Print each line exactly, beginning with the one where "Burger with flying" appears and ending at the last line below.

= Beginning of Section =

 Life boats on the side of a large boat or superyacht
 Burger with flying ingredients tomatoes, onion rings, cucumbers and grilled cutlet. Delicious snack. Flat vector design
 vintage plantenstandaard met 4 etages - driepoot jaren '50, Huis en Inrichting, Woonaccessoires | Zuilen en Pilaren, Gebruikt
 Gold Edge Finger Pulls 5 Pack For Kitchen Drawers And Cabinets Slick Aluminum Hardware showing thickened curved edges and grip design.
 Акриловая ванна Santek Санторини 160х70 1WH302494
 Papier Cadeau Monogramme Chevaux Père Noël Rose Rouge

= End of Section =

## ANSWER BOX
 Burger with flying ingredients tomatoes, onion rings, cucumbers and grilled cutlet. Delicious snack. Flat vector design
 vintage plantenstandaard met 4 etages - driepoot jaren '50, Huis en Inrichting, Woonaccessoires | Zuilen en Pilaren, Gebruikt
 Gold Edge Finger Pulls 5 Pack For Kitchen Drawers And Cabinets Slick Aluminum Hardware showing thickened curved edges and grip design.
 Акриловая ванна Santek Санторини 160х70 1WH302494
 Papier Cadeau Monogramme Chevaux Père Noël Rose Rouge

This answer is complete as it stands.